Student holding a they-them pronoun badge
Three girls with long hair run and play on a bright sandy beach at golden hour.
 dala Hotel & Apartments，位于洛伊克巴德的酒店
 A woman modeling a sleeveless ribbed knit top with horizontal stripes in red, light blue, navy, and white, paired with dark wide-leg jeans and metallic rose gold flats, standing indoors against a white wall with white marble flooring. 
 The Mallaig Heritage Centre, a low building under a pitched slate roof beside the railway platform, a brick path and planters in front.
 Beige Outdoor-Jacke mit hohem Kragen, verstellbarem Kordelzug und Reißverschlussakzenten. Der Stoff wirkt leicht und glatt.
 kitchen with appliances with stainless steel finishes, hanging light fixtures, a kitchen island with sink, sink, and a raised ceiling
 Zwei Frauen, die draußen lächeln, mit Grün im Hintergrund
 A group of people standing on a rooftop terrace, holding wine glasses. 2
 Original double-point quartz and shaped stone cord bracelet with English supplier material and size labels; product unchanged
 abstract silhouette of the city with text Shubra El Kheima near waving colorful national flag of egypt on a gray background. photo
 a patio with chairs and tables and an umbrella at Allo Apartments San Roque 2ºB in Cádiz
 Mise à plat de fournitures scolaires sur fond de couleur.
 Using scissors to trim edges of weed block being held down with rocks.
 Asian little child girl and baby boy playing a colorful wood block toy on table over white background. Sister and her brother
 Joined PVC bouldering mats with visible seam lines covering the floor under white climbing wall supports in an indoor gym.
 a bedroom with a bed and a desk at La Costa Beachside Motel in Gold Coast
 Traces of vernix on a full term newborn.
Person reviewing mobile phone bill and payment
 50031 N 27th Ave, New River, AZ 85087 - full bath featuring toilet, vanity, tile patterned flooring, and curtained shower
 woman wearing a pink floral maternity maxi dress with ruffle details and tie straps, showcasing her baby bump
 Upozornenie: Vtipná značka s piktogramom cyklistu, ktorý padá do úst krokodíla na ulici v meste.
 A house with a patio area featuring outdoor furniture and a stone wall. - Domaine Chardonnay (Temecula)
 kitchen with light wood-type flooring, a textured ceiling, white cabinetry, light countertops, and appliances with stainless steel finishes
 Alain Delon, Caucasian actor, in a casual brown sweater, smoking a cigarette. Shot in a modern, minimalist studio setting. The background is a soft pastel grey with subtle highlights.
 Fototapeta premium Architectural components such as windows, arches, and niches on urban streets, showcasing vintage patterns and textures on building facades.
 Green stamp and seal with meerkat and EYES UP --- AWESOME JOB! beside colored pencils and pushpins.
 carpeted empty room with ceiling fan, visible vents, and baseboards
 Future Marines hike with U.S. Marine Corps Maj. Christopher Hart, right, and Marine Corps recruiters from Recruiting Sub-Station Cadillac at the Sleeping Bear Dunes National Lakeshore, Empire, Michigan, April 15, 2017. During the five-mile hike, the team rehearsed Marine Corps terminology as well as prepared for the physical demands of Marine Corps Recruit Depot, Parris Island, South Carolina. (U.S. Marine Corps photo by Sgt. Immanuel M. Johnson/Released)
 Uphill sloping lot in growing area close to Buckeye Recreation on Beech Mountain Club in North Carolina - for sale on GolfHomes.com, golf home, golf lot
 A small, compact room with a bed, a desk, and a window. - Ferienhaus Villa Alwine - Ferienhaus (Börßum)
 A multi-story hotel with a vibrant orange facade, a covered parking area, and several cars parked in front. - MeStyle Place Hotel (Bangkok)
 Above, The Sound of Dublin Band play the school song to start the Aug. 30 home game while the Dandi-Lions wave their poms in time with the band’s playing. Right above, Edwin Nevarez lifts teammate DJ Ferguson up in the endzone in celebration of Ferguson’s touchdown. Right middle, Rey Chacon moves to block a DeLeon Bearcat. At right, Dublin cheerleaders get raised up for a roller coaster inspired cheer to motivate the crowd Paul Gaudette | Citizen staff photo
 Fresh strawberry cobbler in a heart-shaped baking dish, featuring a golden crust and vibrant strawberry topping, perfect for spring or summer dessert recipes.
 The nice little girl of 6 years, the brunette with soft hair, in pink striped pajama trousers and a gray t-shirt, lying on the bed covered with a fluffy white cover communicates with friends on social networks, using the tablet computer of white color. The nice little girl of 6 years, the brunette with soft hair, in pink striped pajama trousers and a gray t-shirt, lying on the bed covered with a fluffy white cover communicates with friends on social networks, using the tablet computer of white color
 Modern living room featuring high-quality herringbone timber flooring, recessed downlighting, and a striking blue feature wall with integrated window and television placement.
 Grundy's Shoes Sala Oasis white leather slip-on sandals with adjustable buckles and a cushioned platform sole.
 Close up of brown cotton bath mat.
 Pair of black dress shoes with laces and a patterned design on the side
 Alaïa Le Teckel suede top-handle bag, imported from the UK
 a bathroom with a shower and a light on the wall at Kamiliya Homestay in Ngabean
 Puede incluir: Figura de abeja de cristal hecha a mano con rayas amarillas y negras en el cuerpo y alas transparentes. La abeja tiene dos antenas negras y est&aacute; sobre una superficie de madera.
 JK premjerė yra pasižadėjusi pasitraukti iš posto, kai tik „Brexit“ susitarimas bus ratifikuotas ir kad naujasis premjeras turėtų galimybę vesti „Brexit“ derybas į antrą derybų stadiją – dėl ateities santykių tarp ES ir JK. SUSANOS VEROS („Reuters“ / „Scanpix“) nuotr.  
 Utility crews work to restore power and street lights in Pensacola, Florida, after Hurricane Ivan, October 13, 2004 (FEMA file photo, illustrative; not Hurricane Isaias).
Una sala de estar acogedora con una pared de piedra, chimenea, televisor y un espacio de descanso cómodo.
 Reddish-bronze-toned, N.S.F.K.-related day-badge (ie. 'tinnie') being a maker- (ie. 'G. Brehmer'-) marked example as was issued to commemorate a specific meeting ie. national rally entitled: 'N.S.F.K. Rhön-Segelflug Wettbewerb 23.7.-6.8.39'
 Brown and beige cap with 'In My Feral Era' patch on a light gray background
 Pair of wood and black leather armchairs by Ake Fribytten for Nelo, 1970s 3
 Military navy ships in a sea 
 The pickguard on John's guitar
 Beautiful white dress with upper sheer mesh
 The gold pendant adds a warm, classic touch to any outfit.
****************************************
Task brief
The lines to return are those in the material above that hold "black".

Expected answer
 Pair of black dress shoes with laces and a patterned design on the side
 Pair of wood and black leather armchairs by Ake Fribytten for Nelo, 1970s 3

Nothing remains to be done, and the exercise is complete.